Small Computer System Interface (SCSI)

It is a set of American National Standards Institute (ANSI) standard electronic interfaces. Parallel SCSI (also called as SCSI) is one of the most popular forms of storage interface. It is mainly used to connect disk drives and tapes to the servers or client devices. It can be also be used to connect other devices such as printers and scanners. Communication between the source (servers/client devices) and the attached storage devices are done using the SCSI command set. The latest version of SCSI which is SCSI ultra 320 provides data transfer speeds of 320 MB/s. There is also a serial version of SCSI called Serial Attached SCSI (SAS). It offers better performance and scalability when compared to SCSI. SAS currently supports data transfer rates of 6 Gb/s.

Integrated Device Electronics/Advanced Technology Attachment (IDE/ATA)

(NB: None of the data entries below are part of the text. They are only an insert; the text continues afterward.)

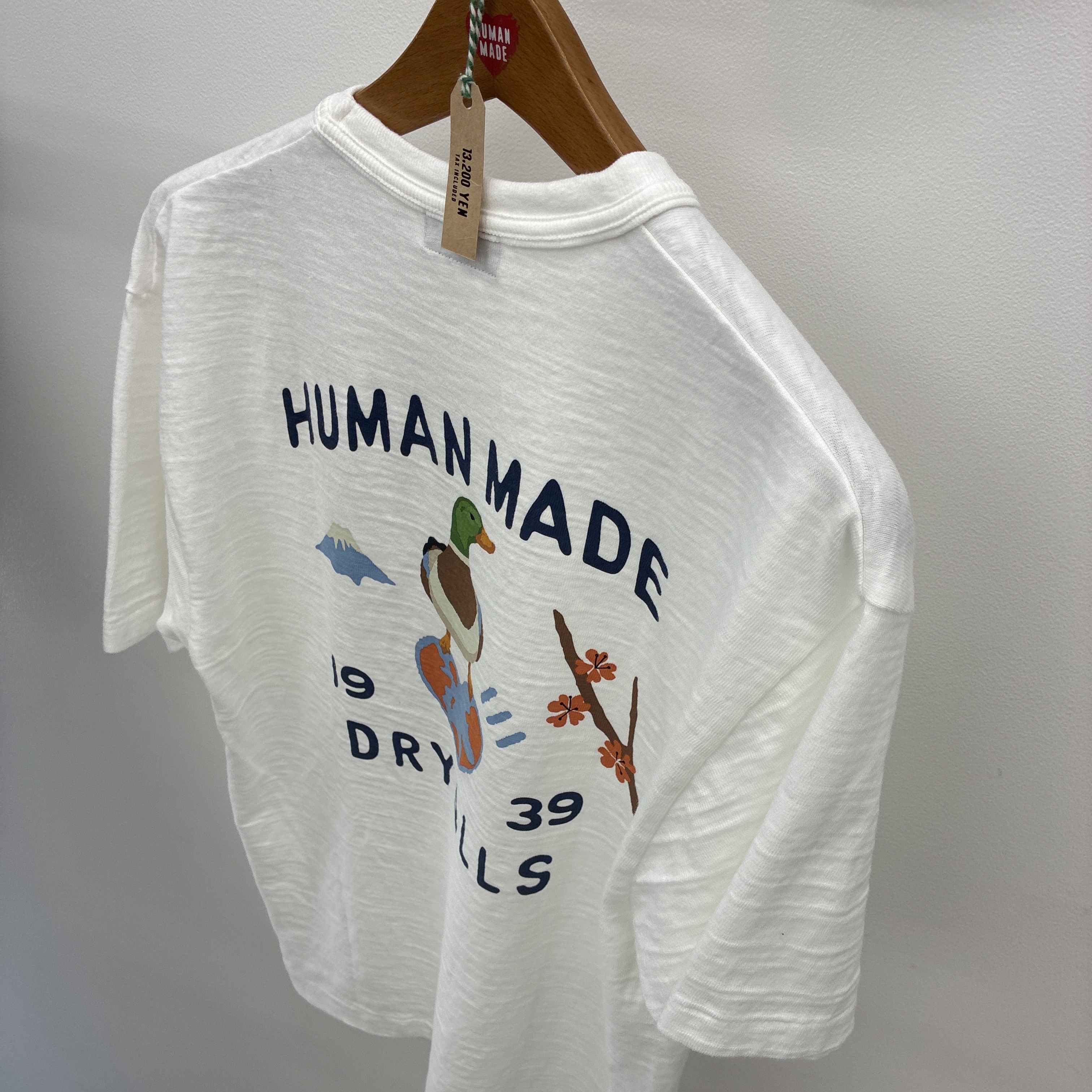 Human Made Graphic T-Shirt White 착용 스타일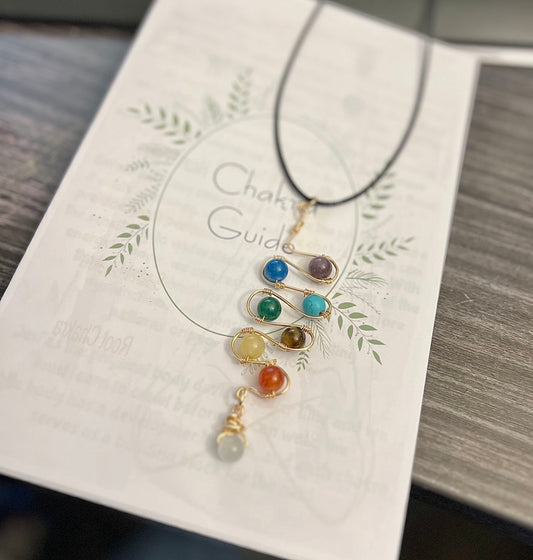 Aura Alignment Wire Wrapped Chakra Necklace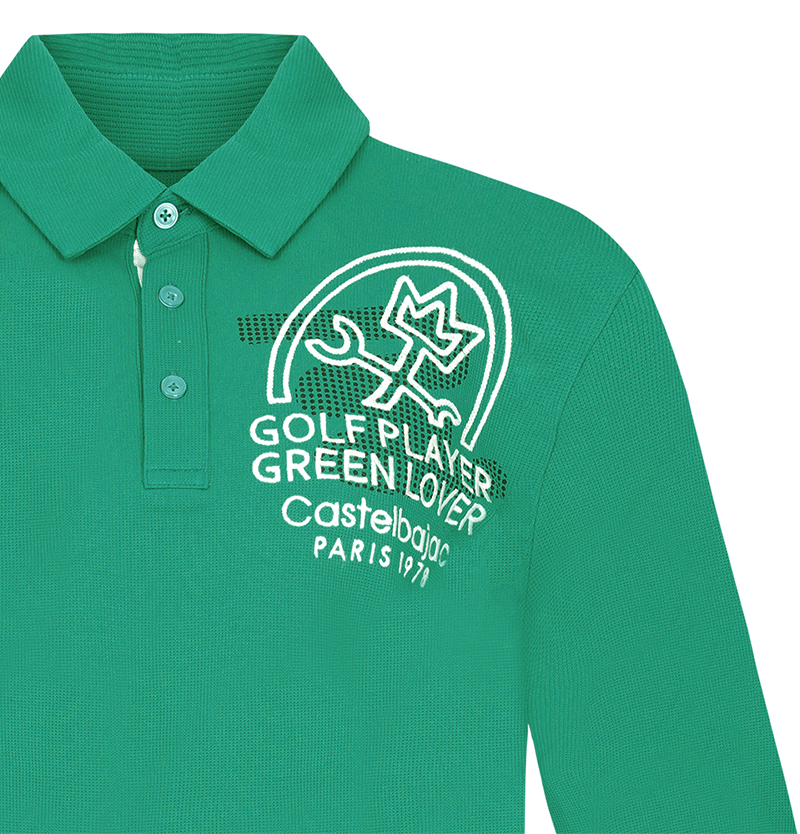 Castelbajac Men's Chest One-Point Collar T-Shirt - 3 Colors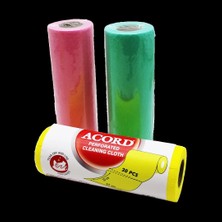 Varsoph Acord SOFTTEX-415 Rulo Perforated Sarı Bez 20 Parça (5468)
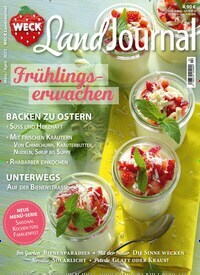 Titelbild der Ausgabe 2/2023 von Weck LandJournal. Diese Zeitschrift und viele weitere Kochzeitschriften und Backzeitschriften als Abo oder epaper bei United Kiosk online kaufen.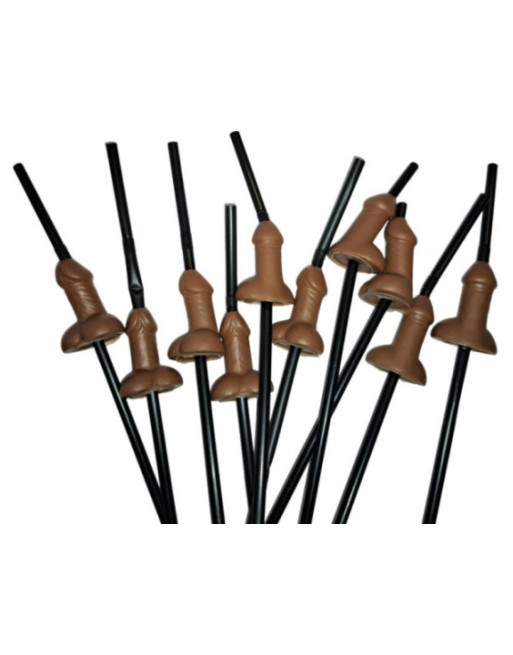 DIABLO PICANTE - SACCHETTO DA 10 CANNUCCE NATURALI PER PENE GRANDE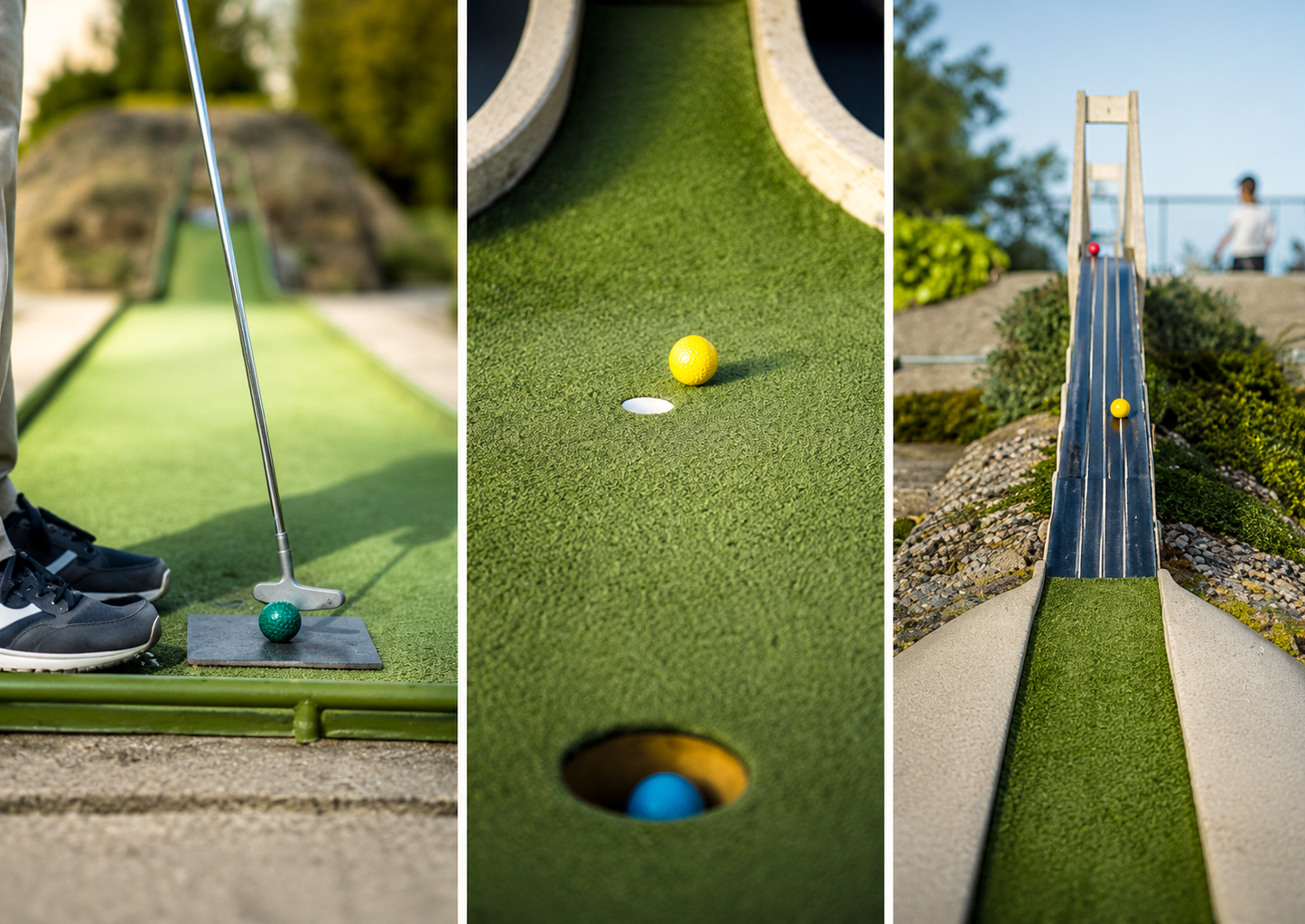 Piste du golf miniature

The term IDE/ATA denotes the dual-naming conventions for various generations and variants of this interface. The IDE component in IDE/ATA provides the specification for the controllers connected to the computer’s motherboard or communicating with the device attached. The ATA component is the interface for connecting storage devices, such as CD-ROMs, floppy disk drives, and HDDs, to the motherboard. The latest version of IDE/ATA called Ultra DMA (UDMA) supports data transfer rates of 133MB/s. The serial version of the IDE / ATA specification is called Serial ATA (SATA). It provides data transfer speeds of up to 6Gb/s.

  • 3.

    Tier three comprises of the storage devices. The connections to these storage devices are controlled by means of an I/O controller which is attached to the application server. These storage devices are typically disk drives / tape drives .Tapes/ tape drives are a popular storage media used to store backup data because of their relatively low cost. However, they have the following limitations:

    • Data is stored linearly on the tape. Search and retrieval of data are done sequentially; invariably taking several seconds to search and retrieve the data .This limits the use of tapes for applications that require real-time and rapid access to data.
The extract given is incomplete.